Cheery pit bull has lots of love
He scoots across the floor on his belly, pawing earnestly at the smooth tile with his right front leg while his crippled left legs drag along.
Bruno's brown tail wags the entire way, exposing his constant craving for attention.
He reaches his destination and licks the hand of a stranger, just happy to be petted for a few seconds.
Such a friendly demeanor just may have saved this pit bull's life.
About three weeks ago, Bruno was picked up by animal control in Mankato, Minn. He'd been hit by a car, and no owner was coming to claim him.
The local Humane Society carried Bruno next door to Minnesota Valley Pet Hospital. An X-ray revealed his left hip had popped out.
"We found lots of glass in him," said Nicole Bardon, a veterinary technician.
But if Bruno was in pain, he didn't show it. Even as a veterinarian tried to pop his hip back into place, Bruno's tail kept wagging, Bardon said.
Nevertheless, he was in tough shape, she said. The city decided Jan. 30 to euthanize the dog after the mandatory holding period.
Meanwhile, Bardon was growing attached to the cheery canine. She tested his demeanor with other dogs and cats, looking for signs of aggression. She pulled his food bowl away from him to see if he would snap at her. He didn't.
"I was kind of secretly hoping that something would be wrong with him so we wouldn't have to try so hard to find someplace for him," she said. "But, I mean, he's a great dog."
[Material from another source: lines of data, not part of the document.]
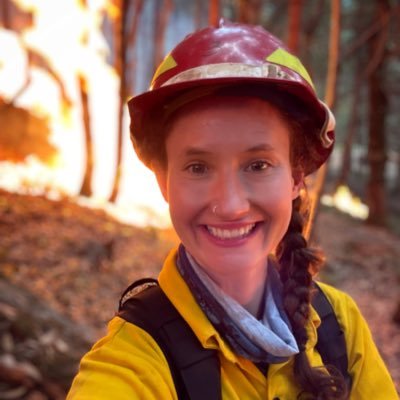 Fire ecologist | Lover of plants & wild places | Oregonian with Midwest oak savanna roots | @CoFOregonState, @PurdueFNR & @ColoradoCollege alum | Views my own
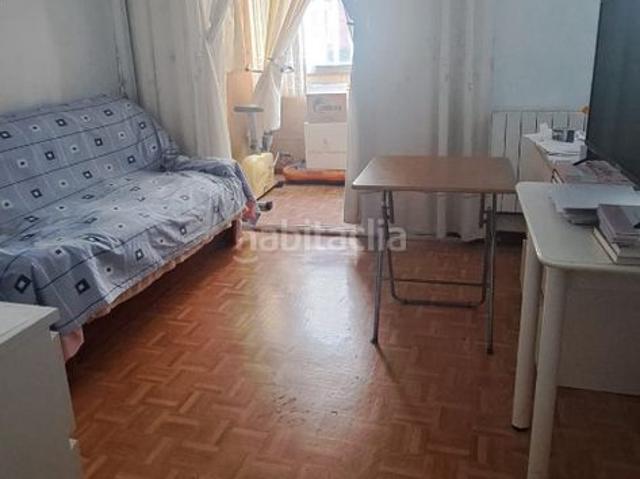 Piso en venta en Madrid, Aluche. Piso con terraza. Pisos.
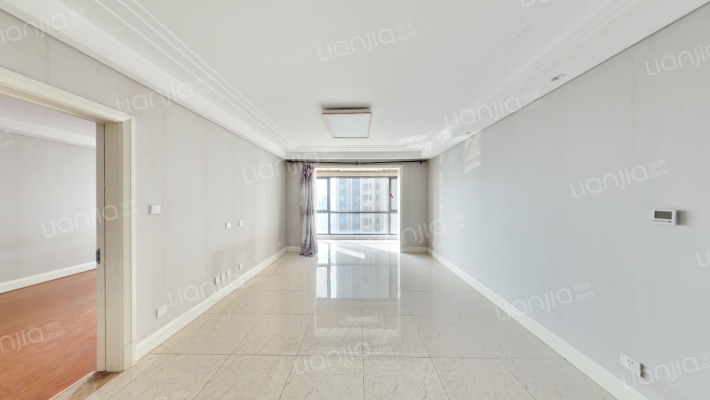 天琴湾二手房实景图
Bardon called 36 shelters and rescue organizations in Minnesota, Wisconsin and South Dakota, with no luck. No one wanted a pit bull in need of hip surgery.
Then Bardon contacted Kish Hilmert, a student in the vet tech program at North Dakota State University. Bardon graduated from the program last year, and she knew Hilmert ran a nonprofit, volunteer animal rescue organization called 4 Luv of Dog.
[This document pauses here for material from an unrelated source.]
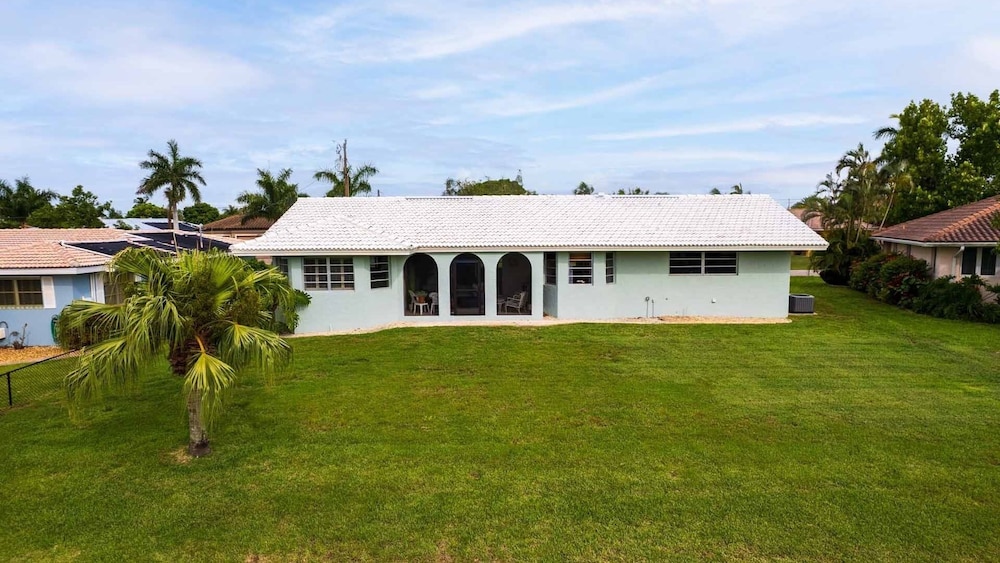 Punta Gorda Isles Canal 2 bedroom Home- Sailboat Access! 15 foot dock! 2 Home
Hilmert's group went into rescue mode, raising $450 online in 24 hours on the same day a vet inserted a pin to hold Bruno's hip in place. Hilmert was inspired by the dog's courage and amazed that he still had a chance at survival.
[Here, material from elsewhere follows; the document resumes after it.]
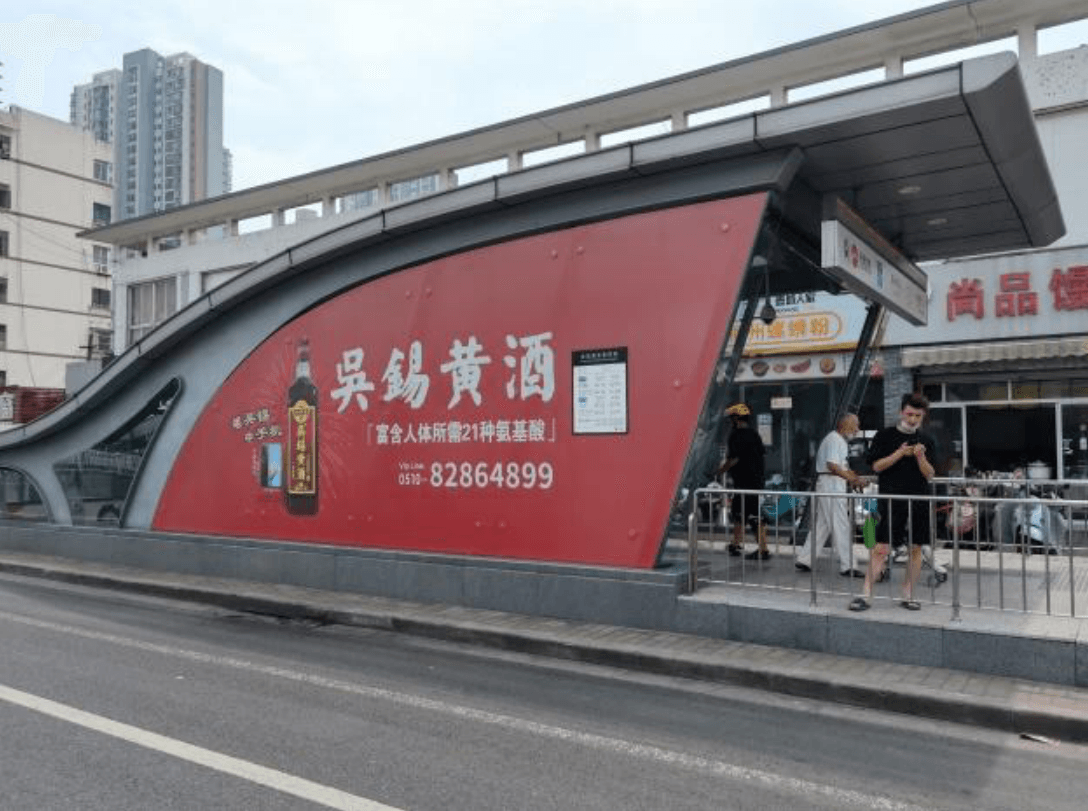 無(wú)錫地鐵出入口廣告價(jià)格收費(fèi)多少錢(qián)？無(wú)錫地鐵站棚戶外貼紙廣告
"Usually, a dog like this would be euthanized, period," she said.
A stitched-up Bruno now spends his days at Sheyenne River Kennels in West Fargo and his nights with its manager, Jamie Floan. She said Bruno is the first foster dog to sleep in her bed on its first night in the house.
"He wouldn't have it any other way," she said.
Bruno also gets along with his foster family, which consists of Floan's dog, four cats and a ferret.
"He'll actually kind of whine if the cat walks by him and doesn't stop," she said.
The road to recovery will be a long one for Bruno. His hip hasn't fully healed, and his lame left front leg - paralyzed from an unknown past injury - will probably need to be amputated, Floan said.
Still, there is progress.
"He's already gotten up and taken three steps twice now, but then he falls over," she said.
Hilmert hopes to find a permanent home for Bruno - and about 22 other dogs rescued by 4 Luv of Dog - when PetSmart in Fargo hosts its "2nd Chance for Love Adoption Days" from 5 to 7 p.m. Saturday and 1 to 3 p.m. Sunday.
Bruno will be there, scooting across the floor.